On Thu, January 26, 2012 1:57 am, Keith J. Schultz wrote:
Hi Lee,
Am 25.01.2012 um 20:22 schrieb Lee Passey:
Depends on the file. XML files (XHTML, TEI, etc.) are guaranteed to be ASCII in their first line, and that first line declares the encoding, so no BOM is
Just to be picky. But, you err here. The above mentioned files are not guaranteed to be ASCII. only txt. Yet, as you state the first lines can contain encoding information.
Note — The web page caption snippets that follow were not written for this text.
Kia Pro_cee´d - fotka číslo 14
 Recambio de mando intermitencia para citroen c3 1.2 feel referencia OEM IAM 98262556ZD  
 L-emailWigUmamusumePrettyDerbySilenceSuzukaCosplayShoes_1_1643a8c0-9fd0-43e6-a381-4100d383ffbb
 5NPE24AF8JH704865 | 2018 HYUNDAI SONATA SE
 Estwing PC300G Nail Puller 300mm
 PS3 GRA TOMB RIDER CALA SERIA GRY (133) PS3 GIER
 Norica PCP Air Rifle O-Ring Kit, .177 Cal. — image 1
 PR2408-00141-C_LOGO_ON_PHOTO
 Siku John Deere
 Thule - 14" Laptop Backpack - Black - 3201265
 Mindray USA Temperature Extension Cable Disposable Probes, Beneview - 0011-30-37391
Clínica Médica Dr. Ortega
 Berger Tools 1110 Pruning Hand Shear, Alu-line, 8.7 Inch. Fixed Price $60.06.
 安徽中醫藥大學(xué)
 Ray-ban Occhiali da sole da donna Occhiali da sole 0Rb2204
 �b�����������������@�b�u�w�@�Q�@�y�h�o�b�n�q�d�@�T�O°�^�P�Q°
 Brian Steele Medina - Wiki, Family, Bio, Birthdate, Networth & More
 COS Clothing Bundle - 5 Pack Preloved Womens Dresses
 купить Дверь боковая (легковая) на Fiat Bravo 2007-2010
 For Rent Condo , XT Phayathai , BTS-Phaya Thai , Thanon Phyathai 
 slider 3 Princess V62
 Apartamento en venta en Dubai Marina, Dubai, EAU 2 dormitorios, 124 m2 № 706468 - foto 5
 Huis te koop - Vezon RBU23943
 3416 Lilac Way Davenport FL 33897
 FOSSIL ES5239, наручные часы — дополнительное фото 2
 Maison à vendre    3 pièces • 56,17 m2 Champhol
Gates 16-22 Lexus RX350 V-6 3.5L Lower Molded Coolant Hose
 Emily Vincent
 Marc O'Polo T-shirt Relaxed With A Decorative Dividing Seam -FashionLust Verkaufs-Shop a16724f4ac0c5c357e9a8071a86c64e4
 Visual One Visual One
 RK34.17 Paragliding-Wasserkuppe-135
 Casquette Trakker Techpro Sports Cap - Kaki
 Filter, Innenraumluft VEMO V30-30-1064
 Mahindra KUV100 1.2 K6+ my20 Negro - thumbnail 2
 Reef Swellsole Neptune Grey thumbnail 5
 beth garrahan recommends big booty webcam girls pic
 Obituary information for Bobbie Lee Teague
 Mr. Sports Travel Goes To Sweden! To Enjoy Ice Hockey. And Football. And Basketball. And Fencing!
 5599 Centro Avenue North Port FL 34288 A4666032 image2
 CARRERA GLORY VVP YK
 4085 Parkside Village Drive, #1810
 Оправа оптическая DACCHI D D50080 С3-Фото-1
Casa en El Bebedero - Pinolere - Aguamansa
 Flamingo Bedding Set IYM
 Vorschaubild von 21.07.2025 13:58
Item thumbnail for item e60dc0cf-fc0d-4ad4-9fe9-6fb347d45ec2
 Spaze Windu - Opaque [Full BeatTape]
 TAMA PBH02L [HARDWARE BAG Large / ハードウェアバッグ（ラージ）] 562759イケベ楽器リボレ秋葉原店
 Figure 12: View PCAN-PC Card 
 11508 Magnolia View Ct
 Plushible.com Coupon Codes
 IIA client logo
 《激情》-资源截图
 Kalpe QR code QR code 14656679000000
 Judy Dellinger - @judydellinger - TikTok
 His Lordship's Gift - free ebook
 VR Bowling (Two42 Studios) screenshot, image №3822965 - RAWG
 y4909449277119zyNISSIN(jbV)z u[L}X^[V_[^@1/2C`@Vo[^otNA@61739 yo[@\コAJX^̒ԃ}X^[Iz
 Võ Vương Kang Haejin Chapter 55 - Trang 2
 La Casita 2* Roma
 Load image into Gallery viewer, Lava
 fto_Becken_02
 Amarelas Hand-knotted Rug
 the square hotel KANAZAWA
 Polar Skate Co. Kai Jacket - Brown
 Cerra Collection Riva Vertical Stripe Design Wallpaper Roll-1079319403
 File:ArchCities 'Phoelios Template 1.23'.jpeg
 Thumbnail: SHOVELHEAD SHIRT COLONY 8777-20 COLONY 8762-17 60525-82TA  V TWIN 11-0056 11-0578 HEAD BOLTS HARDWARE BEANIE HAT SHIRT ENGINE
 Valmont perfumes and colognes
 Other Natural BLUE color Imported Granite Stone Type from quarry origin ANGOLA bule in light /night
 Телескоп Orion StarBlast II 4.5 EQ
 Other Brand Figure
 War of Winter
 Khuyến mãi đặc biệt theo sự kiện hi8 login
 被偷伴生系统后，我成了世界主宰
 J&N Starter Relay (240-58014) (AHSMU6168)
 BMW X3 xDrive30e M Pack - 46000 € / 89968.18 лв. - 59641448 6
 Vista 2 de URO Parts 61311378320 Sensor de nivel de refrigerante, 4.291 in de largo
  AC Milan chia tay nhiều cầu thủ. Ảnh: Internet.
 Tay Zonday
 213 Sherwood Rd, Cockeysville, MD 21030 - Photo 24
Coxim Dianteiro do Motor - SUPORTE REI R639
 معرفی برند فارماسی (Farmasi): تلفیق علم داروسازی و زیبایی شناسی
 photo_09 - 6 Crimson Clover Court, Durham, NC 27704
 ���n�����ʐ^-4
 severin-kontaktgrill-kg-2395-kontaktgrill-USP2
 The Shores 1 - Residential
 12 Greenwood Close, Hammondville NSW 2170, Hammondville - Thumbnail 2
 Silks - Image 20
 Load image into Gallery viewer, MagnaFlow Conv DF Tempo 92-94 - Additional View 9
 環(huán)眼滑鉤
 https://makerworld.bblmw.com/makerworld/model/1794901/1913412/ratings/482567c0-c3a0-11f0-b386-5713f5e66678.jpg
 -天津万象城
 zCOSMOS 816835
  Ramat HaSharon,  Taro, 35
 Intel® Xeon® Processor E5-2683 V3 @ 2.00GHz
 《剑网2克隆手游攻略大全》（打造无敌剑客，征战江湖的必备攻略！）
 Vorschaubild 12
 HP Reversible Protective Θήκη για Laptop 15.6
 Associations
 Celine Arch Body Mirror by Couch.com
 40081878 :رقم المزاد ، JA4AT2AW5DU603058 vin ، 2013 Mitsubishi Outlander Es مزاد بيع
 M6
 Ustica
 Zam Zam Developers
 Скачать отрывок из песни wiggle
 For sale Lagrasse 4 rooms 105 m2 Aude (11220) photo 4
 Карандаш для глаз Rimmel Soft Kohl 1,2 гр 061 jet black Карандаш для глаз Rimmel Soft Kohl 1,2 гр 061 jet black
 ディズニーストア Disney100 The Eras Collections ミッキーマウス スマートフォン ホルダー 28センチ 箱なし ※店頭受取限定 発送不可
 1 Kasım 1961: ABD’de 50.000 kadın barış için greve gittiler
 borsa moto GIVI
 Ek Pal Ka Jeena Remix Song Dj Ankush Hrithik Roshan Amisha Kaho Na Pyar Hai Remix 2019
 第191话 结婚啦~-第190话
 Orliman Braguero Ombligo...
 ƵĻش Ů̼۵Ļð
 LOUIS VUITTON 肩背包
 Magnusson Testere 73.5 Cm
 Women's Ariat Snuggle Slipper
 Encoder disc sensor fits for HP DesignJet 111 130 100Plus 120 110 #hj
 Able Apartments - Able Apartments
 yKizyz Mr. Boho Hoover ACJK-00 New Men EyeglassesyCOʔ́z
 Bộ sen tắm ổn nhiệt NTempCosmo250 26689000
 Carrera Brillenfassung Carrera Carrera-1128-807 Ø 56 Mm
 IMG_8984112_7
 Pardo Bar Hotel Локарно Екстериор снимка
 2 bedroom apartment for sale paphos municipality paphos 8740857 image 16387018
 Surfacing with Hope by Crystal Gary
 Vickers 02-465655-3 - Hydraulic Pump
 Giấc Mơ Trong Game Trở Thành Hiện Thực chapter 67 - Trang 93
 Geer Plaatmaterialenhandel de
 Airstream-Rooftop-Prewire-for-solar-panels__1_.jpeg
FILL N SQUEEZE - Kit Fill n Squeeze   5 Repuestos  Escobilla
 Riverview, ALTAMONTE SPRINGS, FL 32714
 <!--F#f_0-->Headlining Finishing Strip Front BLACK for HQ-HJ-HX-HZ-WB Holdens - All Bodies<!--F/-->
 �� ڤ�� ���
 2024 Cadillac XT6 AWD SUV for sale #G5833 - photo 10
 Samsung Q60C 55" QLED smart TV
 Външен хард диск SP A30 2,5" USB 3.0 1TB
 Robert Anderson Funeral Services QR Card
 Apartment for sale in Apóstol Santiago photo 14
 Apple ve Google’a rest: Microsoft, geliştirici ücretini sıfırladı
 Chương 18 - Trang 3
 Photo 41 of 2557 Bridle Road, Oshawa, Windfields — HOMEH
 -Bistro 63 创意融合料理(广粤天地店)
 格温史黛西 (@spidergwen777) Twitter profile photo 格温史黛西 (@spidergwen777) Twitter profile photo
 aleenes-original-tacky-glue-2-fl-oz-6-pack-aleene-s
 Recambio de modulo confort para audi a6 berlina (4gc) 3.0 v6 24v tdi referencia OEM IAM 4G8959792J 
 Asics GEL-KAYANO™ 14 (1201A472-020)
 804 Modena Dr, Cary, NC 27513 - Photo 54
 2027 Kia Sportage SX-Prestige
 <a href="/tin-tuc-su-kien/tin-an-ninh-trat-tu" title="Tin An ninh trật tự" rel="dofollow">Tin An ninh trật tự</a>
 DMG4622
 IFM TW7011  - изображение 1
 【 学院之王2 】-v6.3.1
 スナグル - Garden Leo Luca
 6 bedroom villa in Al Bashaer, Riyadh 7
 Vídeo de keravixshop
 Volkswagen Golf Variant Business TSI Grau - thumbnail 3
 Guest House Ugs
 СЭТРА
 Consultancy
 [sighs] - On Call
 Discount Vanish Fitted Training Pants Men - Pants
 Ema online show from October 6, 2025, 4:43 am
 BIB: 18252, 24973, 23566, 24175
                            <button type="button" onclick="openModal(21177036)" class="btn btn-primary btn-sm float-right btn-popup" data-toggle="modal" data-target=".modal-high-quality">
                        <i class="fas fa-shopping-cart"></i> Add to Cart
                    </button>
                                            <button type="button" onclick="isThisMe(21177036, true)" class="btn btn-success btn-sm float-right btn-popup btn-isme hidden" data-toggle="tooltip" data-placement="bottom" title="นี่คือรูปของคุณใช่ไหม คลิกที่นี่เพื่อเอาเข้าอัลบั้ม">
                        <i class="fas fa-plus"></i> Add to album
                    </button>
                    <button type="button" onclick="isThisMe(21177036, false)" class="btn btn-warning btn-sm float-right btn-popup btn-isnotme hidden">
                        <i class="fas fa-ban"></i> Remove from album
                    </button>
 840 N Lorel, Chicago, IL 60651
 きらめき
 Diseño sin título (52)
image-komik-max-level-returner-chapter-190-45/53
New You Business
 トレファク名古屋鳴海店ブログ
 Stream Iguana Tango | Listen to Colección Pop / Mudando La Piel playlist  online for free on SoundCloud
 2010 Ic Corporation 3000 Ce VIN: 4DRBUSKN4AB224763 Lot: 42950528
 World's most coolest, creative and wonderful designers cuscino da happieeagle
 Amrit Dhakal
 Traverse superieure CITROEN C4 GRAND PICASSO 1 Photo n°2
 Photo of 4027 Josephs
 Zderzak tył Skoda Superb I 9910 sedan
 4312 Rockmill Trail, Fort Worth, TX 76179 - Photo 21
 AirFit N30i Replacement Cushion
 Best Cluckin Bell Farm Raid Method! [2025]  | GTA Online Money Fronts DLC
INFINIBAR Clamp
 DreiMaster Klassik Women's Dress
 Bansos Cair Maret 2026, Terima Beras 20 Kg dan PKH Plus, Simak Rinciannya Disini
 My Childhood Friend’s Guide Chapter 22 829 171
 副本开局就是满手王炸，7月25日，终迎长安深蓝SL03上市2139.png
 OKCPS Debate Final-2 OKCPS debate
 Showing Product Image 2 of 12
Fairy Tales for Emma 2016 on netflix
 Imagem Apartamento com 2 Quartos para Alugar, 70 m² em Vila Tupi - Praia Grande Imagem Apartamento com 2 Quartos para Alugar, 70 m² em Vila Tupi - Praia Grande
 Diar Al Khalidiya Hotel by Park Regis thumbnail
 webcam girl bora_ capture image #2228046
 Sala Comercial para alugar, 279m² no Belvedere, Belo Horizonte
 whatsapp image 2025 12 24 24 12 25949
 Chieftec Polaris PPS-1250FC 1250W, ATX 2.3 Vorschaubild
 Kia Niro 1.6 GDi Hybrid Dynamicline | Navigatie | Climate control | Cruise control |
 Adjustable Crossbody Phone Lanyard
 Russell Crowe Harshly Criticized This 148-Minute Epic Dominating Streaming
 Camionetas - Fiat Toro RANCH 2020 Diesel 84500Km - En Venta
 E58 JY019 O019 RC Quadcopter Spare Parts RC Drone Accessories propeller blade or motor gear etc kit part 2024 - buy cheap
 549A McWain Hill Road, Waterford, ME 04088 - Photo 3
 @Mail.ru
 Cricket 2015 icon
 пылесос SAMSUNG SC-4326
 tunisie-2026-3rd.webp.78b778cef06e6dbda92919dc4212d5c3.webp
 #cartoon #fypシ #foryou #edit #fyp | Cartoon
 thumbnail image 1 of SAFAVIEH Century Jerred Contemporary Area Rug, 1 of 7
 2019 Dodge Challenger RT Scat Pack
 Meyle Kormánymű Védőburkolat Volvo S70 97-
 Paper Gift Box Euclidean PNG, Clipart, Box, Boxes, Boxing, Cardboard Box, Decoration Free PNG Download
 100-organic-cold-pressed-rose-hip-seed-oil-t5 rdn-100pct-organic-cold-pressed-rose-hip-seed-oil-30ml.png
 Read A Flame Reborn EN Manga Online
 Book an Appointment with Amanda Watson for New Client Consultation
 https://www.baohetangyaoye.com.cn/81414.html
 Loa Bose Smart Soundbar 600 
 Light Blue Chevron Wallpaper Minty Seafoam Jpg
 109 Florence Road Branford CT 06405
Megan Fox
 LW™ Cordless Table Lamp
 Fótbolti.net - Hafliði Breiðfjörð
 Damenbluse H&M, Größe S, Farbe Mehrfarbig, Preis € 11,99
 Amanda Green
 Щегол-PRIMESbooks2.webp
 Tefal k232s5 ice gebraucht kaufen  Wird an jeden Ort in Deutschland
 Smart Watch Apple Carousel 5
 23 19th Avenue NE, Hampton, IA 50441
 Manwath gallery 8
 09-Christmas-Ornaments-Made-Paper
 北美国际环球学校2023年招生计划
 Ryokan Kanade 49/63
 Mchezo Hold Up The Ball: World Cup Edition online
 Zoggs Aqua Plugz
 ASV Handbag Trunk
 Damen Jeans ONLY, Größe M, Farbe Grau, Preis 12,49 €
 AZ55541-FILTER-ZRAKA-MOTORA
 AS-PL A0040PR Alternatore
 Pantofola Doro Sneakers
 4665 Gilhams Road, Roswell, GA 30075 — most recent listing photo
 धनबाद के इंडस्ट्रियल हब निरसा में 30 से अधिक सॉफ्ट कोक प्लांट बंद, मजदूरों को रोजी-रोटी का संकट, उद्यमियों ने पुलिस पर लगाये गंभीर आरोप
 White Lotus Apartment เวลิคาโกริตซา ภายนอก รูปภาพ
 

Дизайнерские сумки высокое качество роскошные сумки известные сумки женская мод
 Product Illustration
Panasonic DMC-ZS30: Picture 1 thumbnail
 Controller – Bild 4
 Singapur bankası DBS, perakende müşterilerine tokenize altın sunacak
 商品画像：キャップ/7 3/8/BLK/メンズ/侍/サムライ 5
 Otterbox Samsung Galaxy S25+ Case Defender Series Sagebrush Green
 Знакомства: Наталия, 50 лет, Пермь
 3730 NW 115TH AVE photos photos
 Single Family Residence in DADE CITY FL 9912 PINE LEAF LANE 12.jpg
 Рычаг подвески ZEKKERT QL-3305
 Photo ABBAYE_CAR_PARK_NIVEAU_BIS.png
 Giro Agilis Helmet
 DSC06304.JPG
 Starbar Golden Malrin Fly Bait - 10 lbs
XML files are not guaranteed to be "txt." In fact, the term "txt" has virtually no meaning, so you can't say anything is guaranteed to be "txt" unless you first define the meaning of that term. It is true that XML files can be encoded using UTF-16, in which case the first line will /not/ be ASCII, and a BOM should be required (what's the default byte ordering of UTF-16 if there's no BOM, I wonder?) But if the file is not UTF-16 then at least the first line is guaranteed to be ASCII as it must be the "<!xml" signature, and that signature is only composed of ASCII characters. This is possible because ASCII, Latin-1, Windows 1252, and UTF-8 are all identical for values in the ASCII range. So if the first two bytes of an XML file are not a UTF-16 BOM, an automated process can safely read the first line of text and determine the encoding of the entire file from there.